Gwynne took the case from me and walked over to her desk, beckoning me to follow. As she reached in, she said, “Seems you could’ve done with a smaller sack, hm?”
“Well it was all in my satchel, but, well, you see, my method for breaking in was a bit…smelly. Sedave took the satchel when I got back and put everything in the case because it smelled so bad.”
“Because if I didn’t wash all the stink off myself first I’d never have stopped throwing up.”
Gwynne looked at me curiously, apparently having trouble keeping from laughing out loud. “What on Nirn did you do?”
“Stinkhorn cap, ma’am. To mask my scent from the dog.”
“Good night! I do hope you considered the dog tracking that stench here?”
“Yes ma’am,” I nodded. “I ran to the other side of town – nobody was following me – and threw my clothes in the garbage bins beside one of the houses. Then I just ran back here. I figured my skin wouldn’t smell as bad as the clothes.”
“I suppose we’ll see,” Gwynne sighed. “For the moment let’s see if what you stole will be worth going to jail over, shall we?”
“Jail?” I repeated in a small voice, somehow surprised that it was a potential outcome.
“Oh my, yes. I’ll need to grease some palms to get us out of it, and, let’s face it, you’re the greasiest thing we have at the moment, our little applicant.”
I stood there with my throat tightening and my eyes stinging, wondering how I could’ve thought that plan was a smart one.
“You’re not really that scared, are you?” Gwynne laughed. “Goodness gracious, girl, if they had any idea they’d have been here by now.”
“You used stinkhorn cap, and you brought your satchel back home.

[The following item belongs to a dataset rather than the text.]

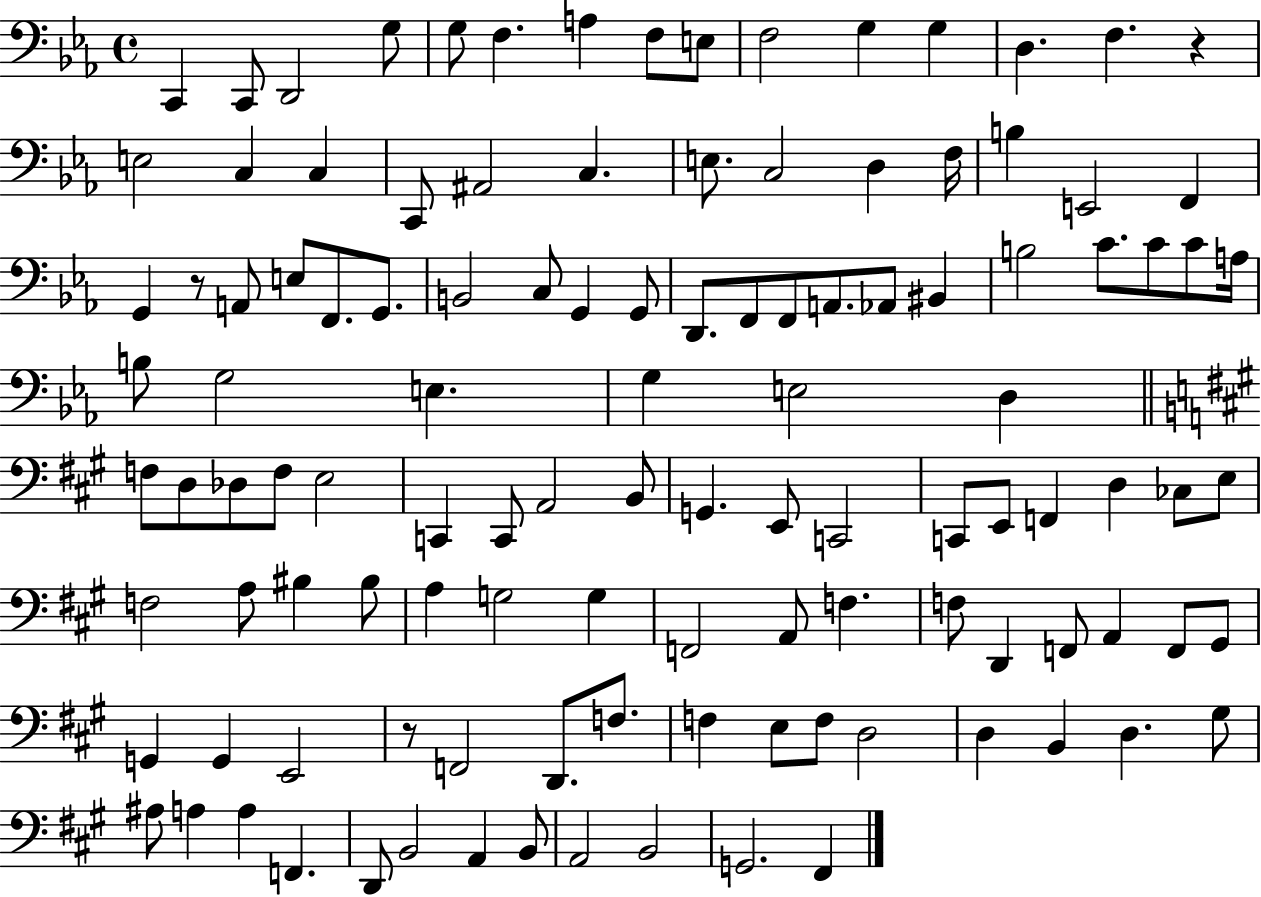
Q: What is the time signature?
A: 4/4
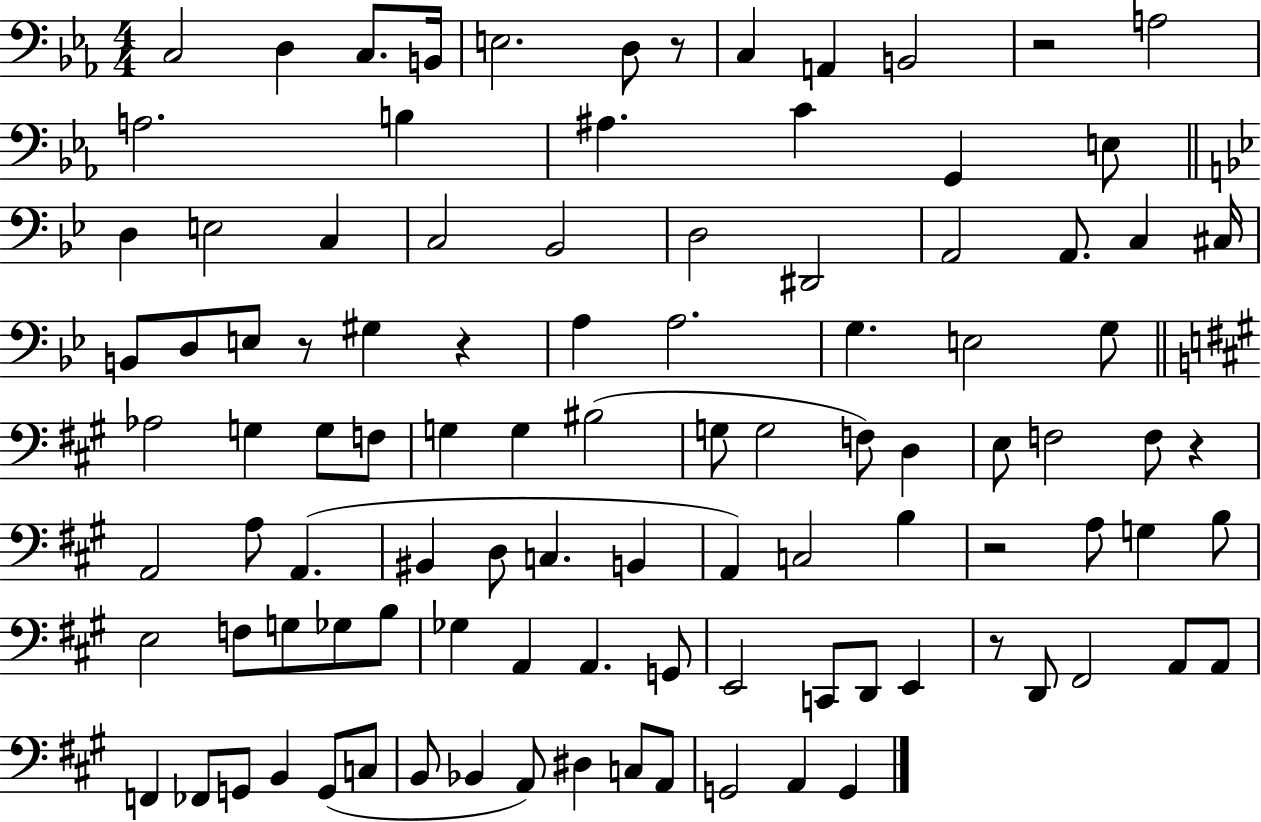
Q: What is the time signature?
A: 4/4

It’s really only through Sedave’s decision to throw it into the sea that you’re safe, and to be honest I’m not sure if that was actual foresight or if he just couldn’t think of anything better to do with it.”
I didn’t like the way she put down my boyfriend, but I was relieved to hear her insight into the matter.
“But Aria, as I said, being a thief is about subtlety. Stinkhorn cap isn’t subtle. I’m really not even sure how safe you are. Those clothes are bound to be discovered, and it’s not as if it’s difficult to tell a ragamuffin’s clothes from a queen’s.”
“I stole the clothes, though,” I said.
“I didn’t have any that would be good for thieving in, so, for practice, I picked the lock on one of the wealthier families’ back doors and found some black clothes in their daughter’s room.”
Gwynne studied me through narrow eyes and with a bemused smile.
“I have to be honest, though,” I said slowly. “I didn’t really think about that being an advantage in terms of being found out. I just needed something dark.”
“Sometimes the best lessons are learned by accident,” Gwynne mused. “Now, back to the spoils.”
I watched as optimism replaced my nervousness as Gywnne pulled each item out and appraised it, sometimes muttering words of approval.
“Did you just grab whatever was in reach,” she asked, “or did you actually put thought into your choices?”
“I just took what I thought was pretty,” I said truthfully, worried that it might be the wrong answer, considering swiftness was part of the game.
“It shows,” Gwynne said. “They have a theme.”
“Rubies, rubies, rubies,” she said. “Except this dragonfly, but even then, he compliments them. Were you at a gala, not a single person would fault you for wearing this necklace and this brooch.”
I grinned and felt my cheeks warm again.
“Did you know, Aria, that a ruby is simply red corundum that has been cut and polished just so?”
Gwynne looked at me curiously. “It’s not a coincidence you chose these. Red is your color. And the dragonfly? I think you sense change.”
“It just reminded me of Sedave,” I said.
“Indeed,” Gwynne smiled. “Welcome to the Guild, Little Miss Aria.”
I almost ran up to hug my new Guild Master, but thought better of it. Instead, I bit my lip to keep from shouting and flew from her office, down the stairs, and into the basement where Sedave was just waking up.
“I’m in!” I nearly shouted as I jumped onto the bed, straddling his waist. “I’m in, baby, I’m in!”
“Oh yeah?” He answered sleepily, managing a smile as he rubbed one of his eyes. “She liked what you did, hey?”
“She did! She wasn’t really very pleased with my methods – not entirely – but still she seemed impressed.”
“Dead brill, Speck! Didn’t I tell ya?”
I threw my arms around his neck and pushed him back down so that I was lying on top of him. I took in those sharp Dunmer features. His long face to match his lanky frame, that mischievous grin he’d had since he was a boy. I leaned down and kissed him, thinking how lucky I was that I’d already found my mate. He might outlive me by a couple centuries, but that hardly mattered. We were kids.
“How long d’you fink we’ll be togevver?” he asked, as if reading my mind.
“A long time, I hope.”
“Me too, love. Me too.”
In the next few weeks, my work with the Guild started in earnest. It wasn’t much, and nothing as glamorous as a jewelry heist, but, difficult entrance test or not, I was still an initiate. Like Sedave, I was given basic breaking and entering jobs, pickpocketing, and sometimes just playing courier. Gwynne liked giving me courier jobs since I still looked younger than I was, and my size alone tended to make people coo over me. I wasn’t suspicious.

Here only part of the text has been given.